▸ **YOUR OBJECTIVE**: Stop after the line that contains "A woman pours". Until then, retype each line of the entries exactly from the first one, skipping pictures.
▼
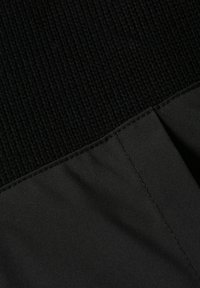 Tessuto a maglia nero nella parte superiore con una texture a costine, che si trasforma in un tessuto nero opaco e liscio nella parte inferiore, caratterizzato da cuciture ordinate lungo la cucitura.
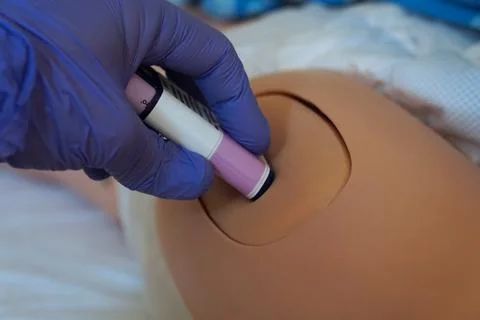 The use of an epinephrine auto-injector training device on a medical manneq.. Stock Photos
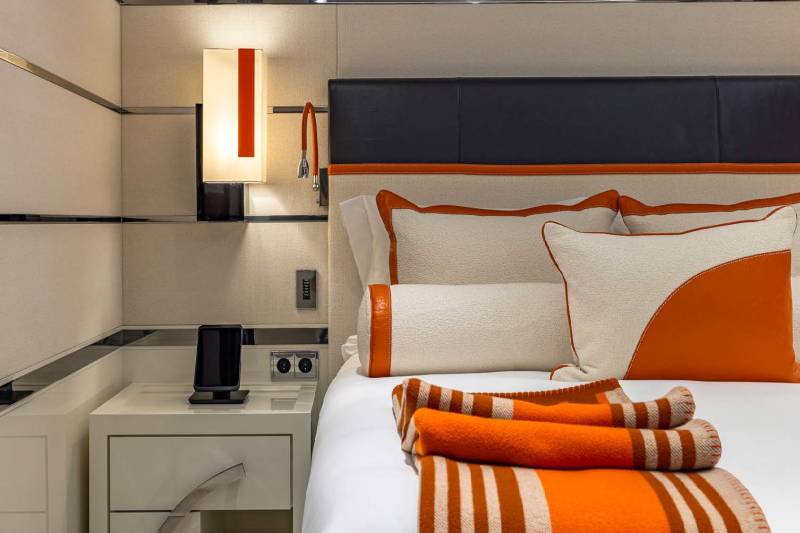 A modern bedroom features a plush bed with orange and cream accents, complemented by a sleek bedside table and ambient lighting.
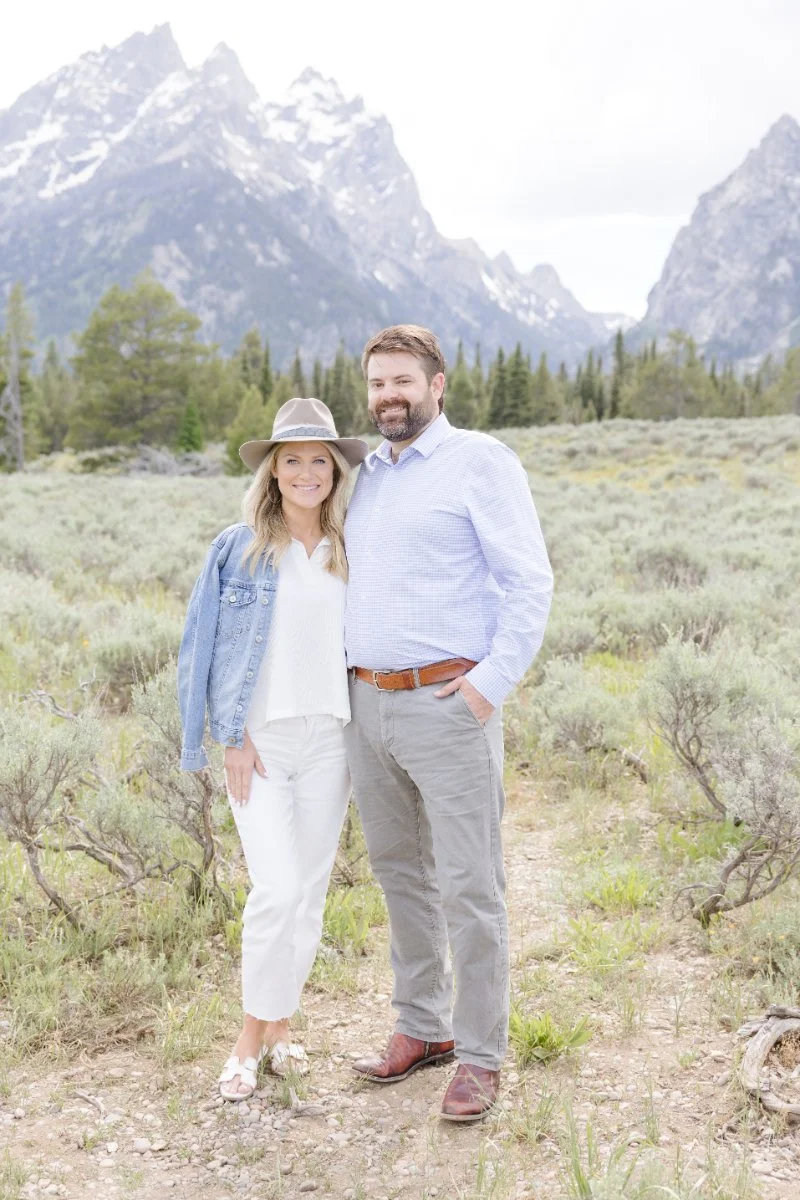 Couple stand for photograph at the legendary going-to-the-sun Road Montana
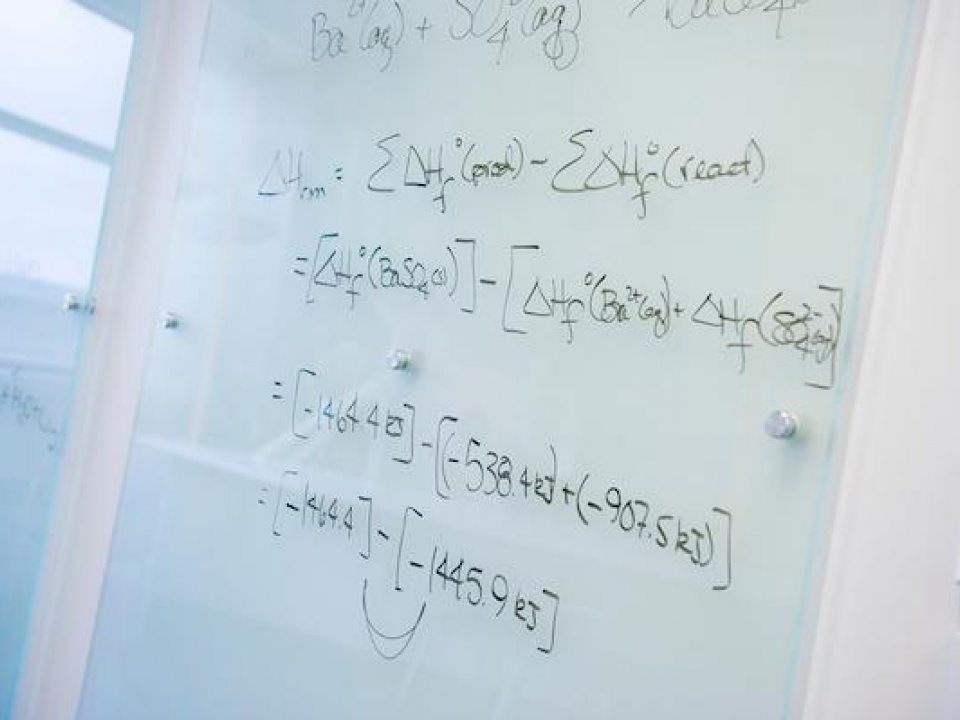 A complex math formula written on a white board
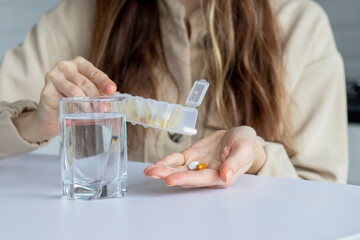 A woman pours pills into her hand from a medical organizer container. Daily intake of medicines and...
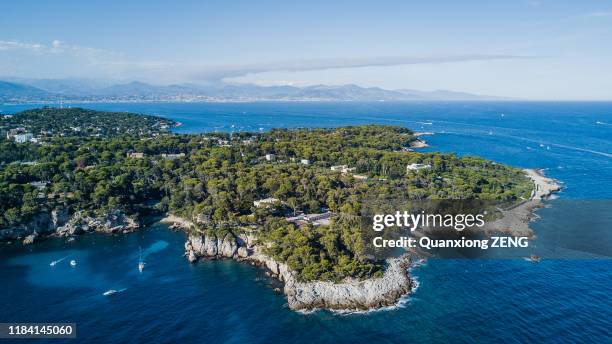 aerial view of cap d'antibes in cote d'azur in south france - antibes stock pictures, royalty-free photos & images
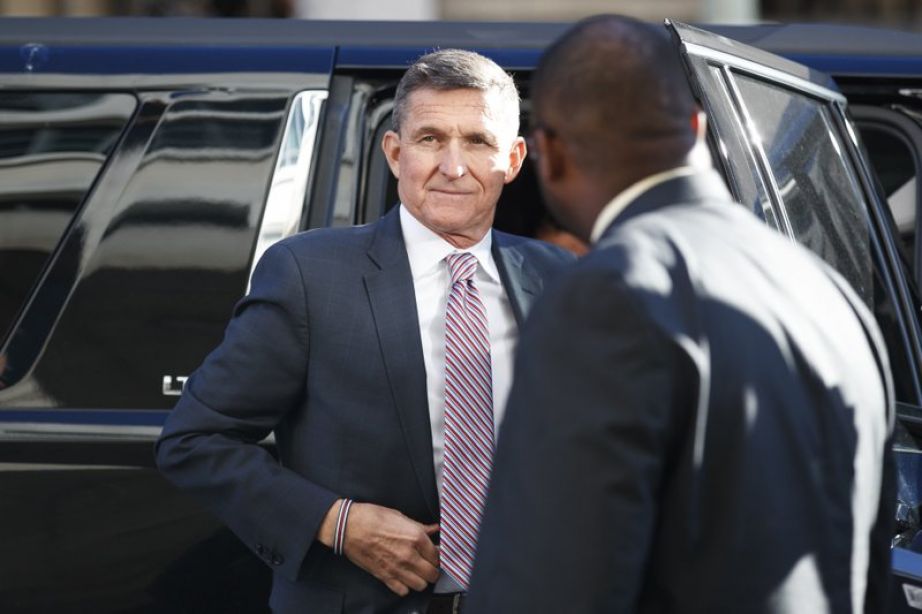 President Donald Trump's former National Security Advisor Michael Flynn arrives at federal court in Washington, Tuesday, Dec. 18, 2018. (AP Photo/Carolyn Kaster)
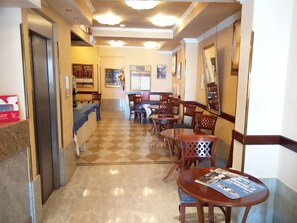 Um saguão de hotel com balcão de recepção, área de estar e balcão de check-out.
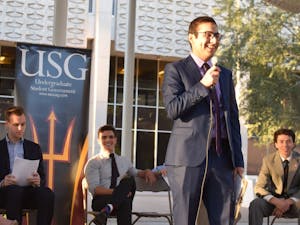 Tempe Undergraduate Student Government elections commissioner Anthony Zlaket moderates the USG&nbsp;debate held in the North Plaza of the Memorial Union on Wednesday, March 23, 2016.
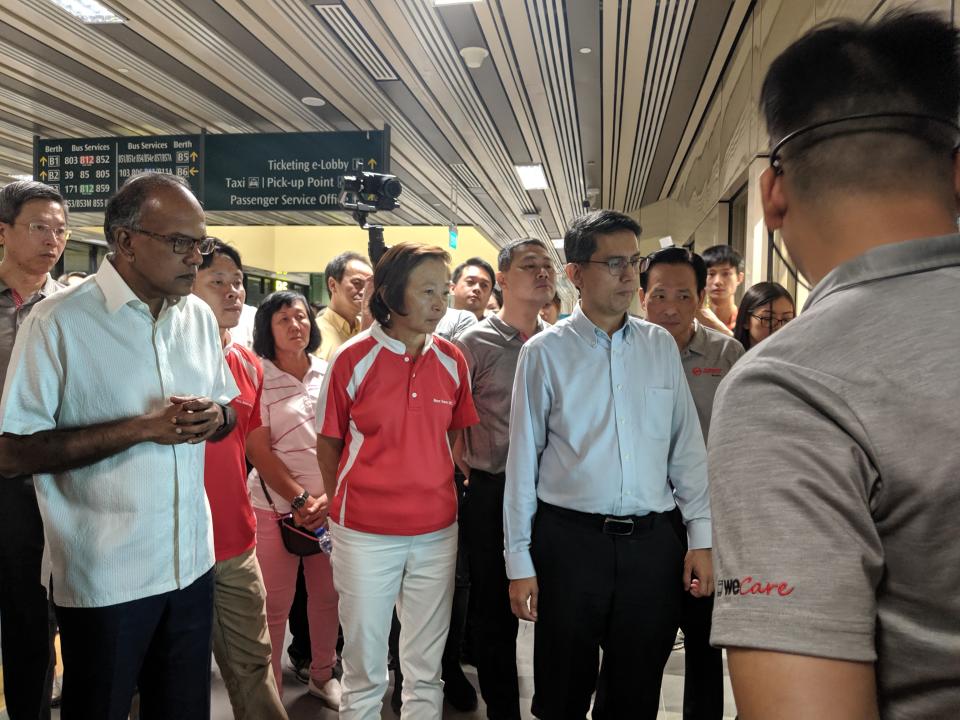 Left to right: Nee Soon GRC MPs - Law and Home Affairs Minister K Shanmugam, Lee Bee Wah and Senior Parliamentary Secretary for Social and Family Development Muhammad Faishal Ibrahim - listening to an SMRT staff member explain about the hub's features on 23 August, 2019. (PHOTO: Yahoo News Singapore)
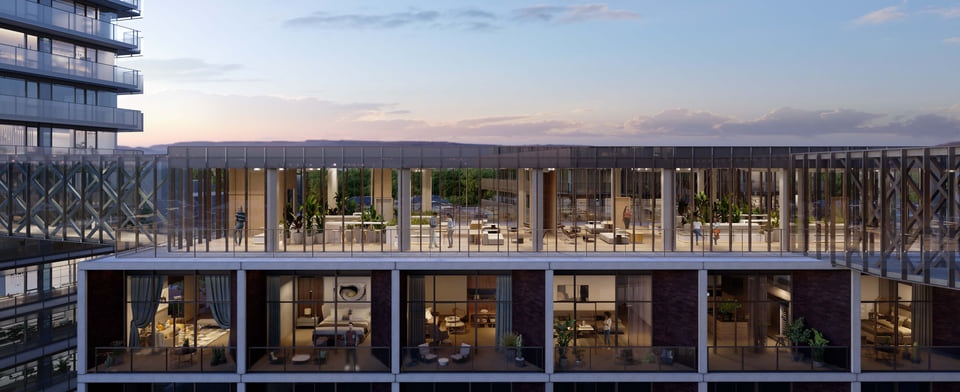 Cutaway 'dollhouse' rendering of a mixed-use building revealing furnished residential units below and a glass-walled rooftop coworking lounge above at dusk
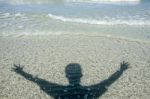 Shadow Man On Beach Stock Photo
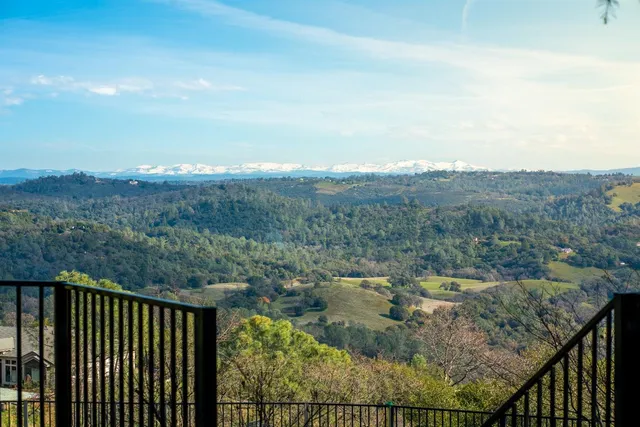 a view of a terrace with yard and mountain view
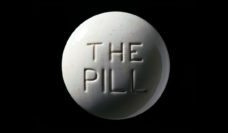 A model of The Pill on a black background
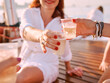 young women hands holding plastic glasses with sparkling wine during travelling on yacht. plastic, environment, recycling, toast, party concept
▲
▸ **YOUR SOLUTION**:
 Tessuto a maglia nero nella parte superiore con una texture a costine, che si trasforma in un tessuto nero opaco e liscio nella parte inferiore, caratterizzato da cuciture ordinate lungo la cucitura.
 The use of an epinephrine auto-injector training device on a medical manneq.. Stock Photos
 A modern bedroom features a plush bed with orange and cream accents, complemented by a sleek bedside table and ambient lighting.
 Couple stand for photograph at the legendary going-to-the-sun Road Montana
 A complex math formula written on a white board
 A woman pours pills into her hand from a medical organizer container. Daily intake of medicines and...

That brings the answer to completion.